The main reason for financial statements to be so valued in the business environments of these types of economy countries is because they provide a very trustworthy source of information about an entity’s financial performance. It may not be a very different reason for why they are valued in every other economy, but especially in these ones, where investing has so many risks, and where procedures may take double the time of an average international company, resulting in time expenses, it helps make decisions easier.
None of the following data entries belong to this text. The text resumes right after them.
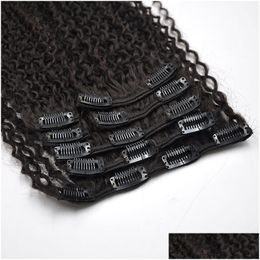 Clip In Hair Extensions Human Brazilian Remy Black Colour Kinky Curly Clipins 120G Set Drop Delivery Products Virgin Dht3D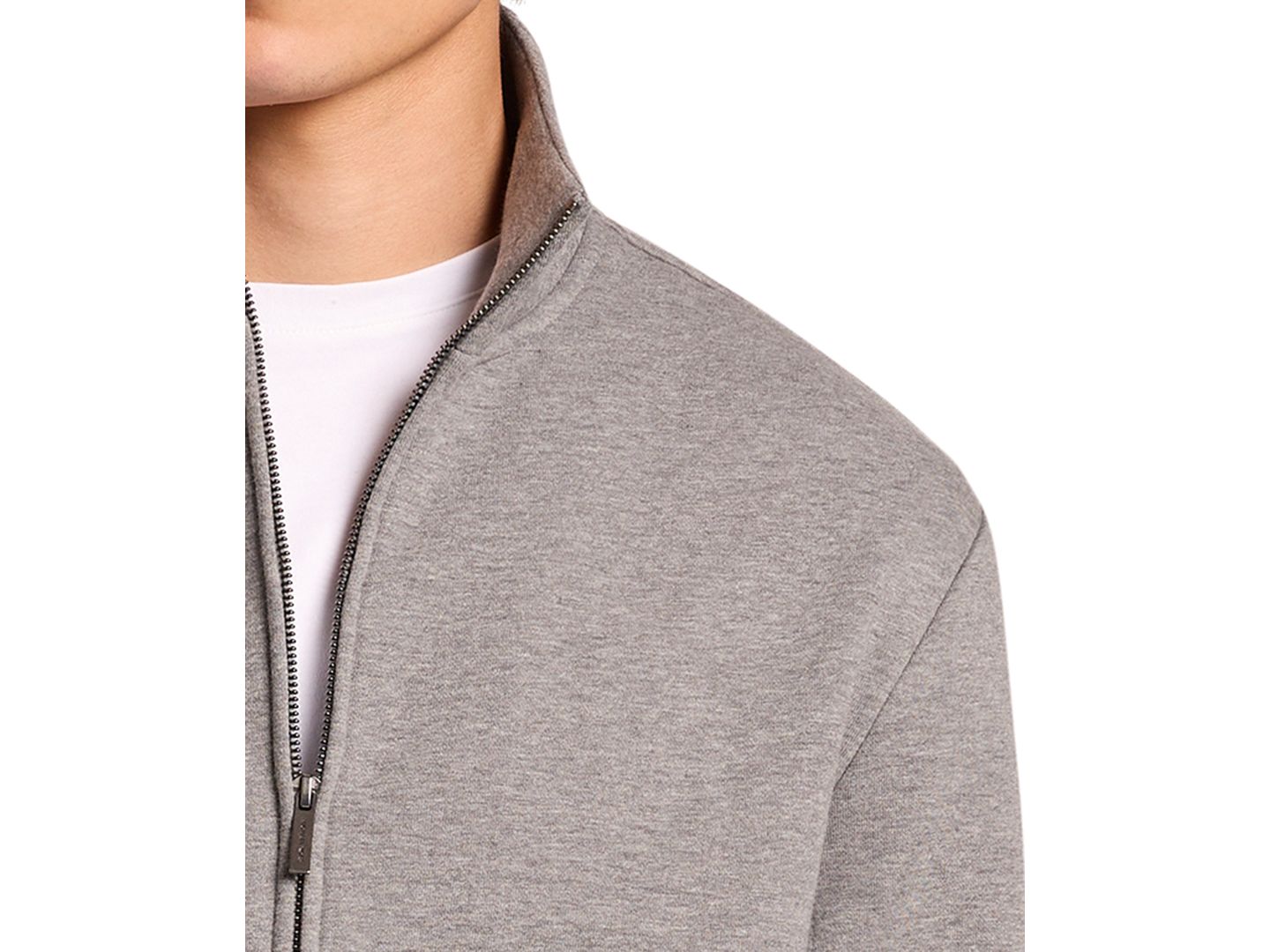 Мужская куртка Michael Kors Mock Neck Cotton-Blend Full-Zip, цвет: Пепельный меланжевый — фото 2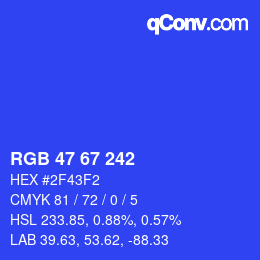 Color code: RGB 47 67 242 | qconv.com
Having the financial statements ready in time is also a priority of every President or General Manager of a company. Even though they’re not the ones directly involved in the process of elaborating these documents, they have a close supervision of the task. They’re responsible for making sure the Accounting Department is doing its work correctly and with the honesty and ethics required to be able to present accurate and true financial information. In Colombia, Financial Statements need to be signed by the Legal Representative of the company, who in the majority of the cases is the same General Manager or President or CEO; by the Statutory Auditor (or Company Auditor), and by the Comptroller. By signing them, they are confirming that the financial information recorded in the Balance Sheet and in the Income Statement, as well as the explanatory notes, is true and real and hasn’t been tampered with in any way.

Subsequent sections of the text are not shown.